5 Steps to Revitalize Your Relationship

There are many reasons why a couple may lose the passion in their relationship. These can vary from a natural cooling, over time, as the honeymoon phase ends; to complacency; to something as extreme as an affair. Whatever the reason, it is certainly possible to recover that spark of intimacy if the following steps are followed:

1. Are You Both Committed?

Determine that both partners are committed to rediscovering their passion for one another. If only one partner is truly interested, the process is doomed to fail. It is really important to avoid a situation in which one partner is uninterested, but afraid or unwilling to say as much. If either partner resolves to just “go through the motions” without true commitment, the results will be compromised.

Start by choosing a convenient time for this conversation. Speak frankly about how much of a priority each of you views the relationship to be and honestly assess the level of motivation you both have to recover it.

2. How Did We Get Here?

In order to come up with a plan to rebuild the intimacy, it is necessary to have a shared understanding of what contributed to the lack of passion for each other. It would be a mistake to try and start having date nights for example, without first having an open and honest conversation to find out what has contributed to the distance and the lack of connection in your relationship. Both partners need to discuss any past resentments or other issues that they feel are contributing to the problem, and both need to share, listen, and truly understand each other’s perspective.

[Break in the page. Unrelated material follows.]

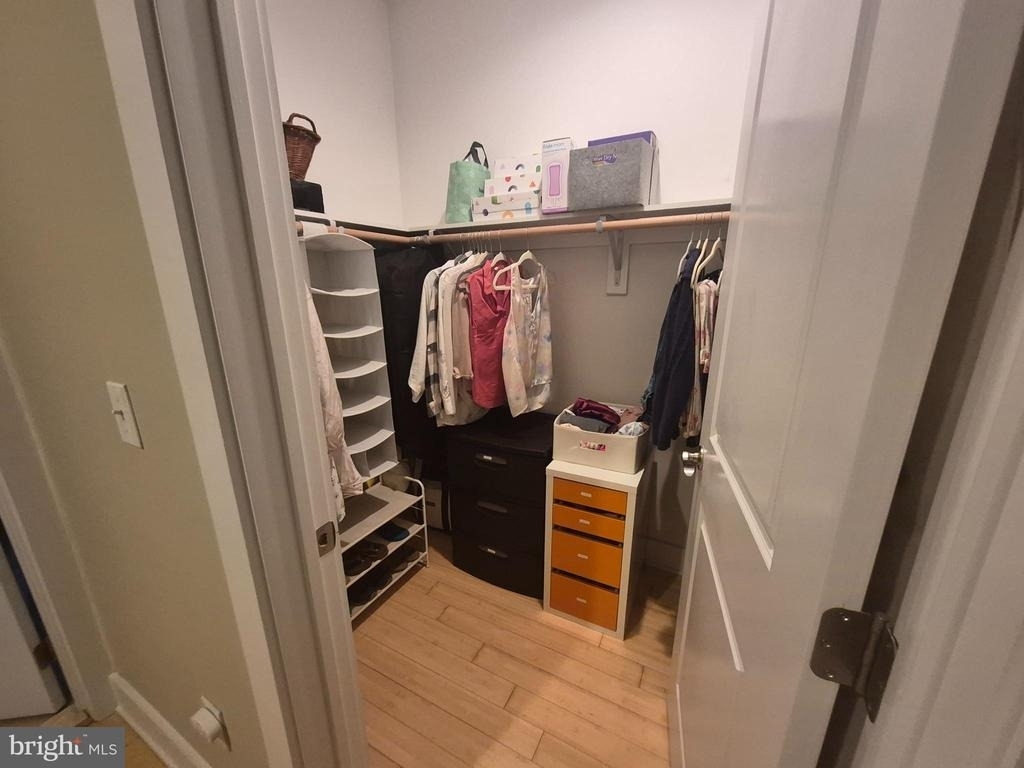 2544 Montrose Street - Photo 18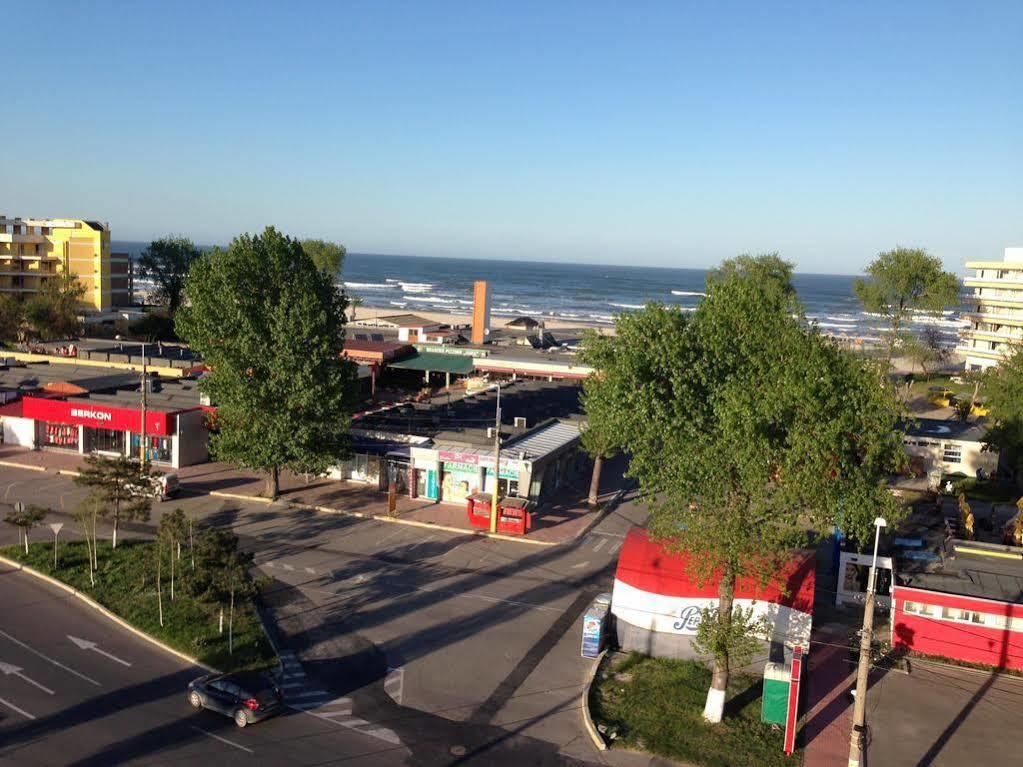 Arlequin Apartments Mamaia Exteriér fotografie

Professional help is available if the couple cannot handle this conversation alone. This can range from having difficulty expressing or understanding each other’s perspectives to difficulty in understanding what is the actual problem.

3. Quality Time Needed

If both of you are committed to rekindling the relationship and have an understanding of how you became distant, it is time to take more active steps to revitalize the relationship. In general, the beginning stages should allow the two of you to fall back “in like” which often does happen before falling back “in love.”

Quality time is more than just time spent together in the same space. Watching TV together, while pleasurable, doesn’t actively build intimacy and closeness. A good example of quality time can be sitting and talking with each other or going on a walk together. Try to remove any potential distractions.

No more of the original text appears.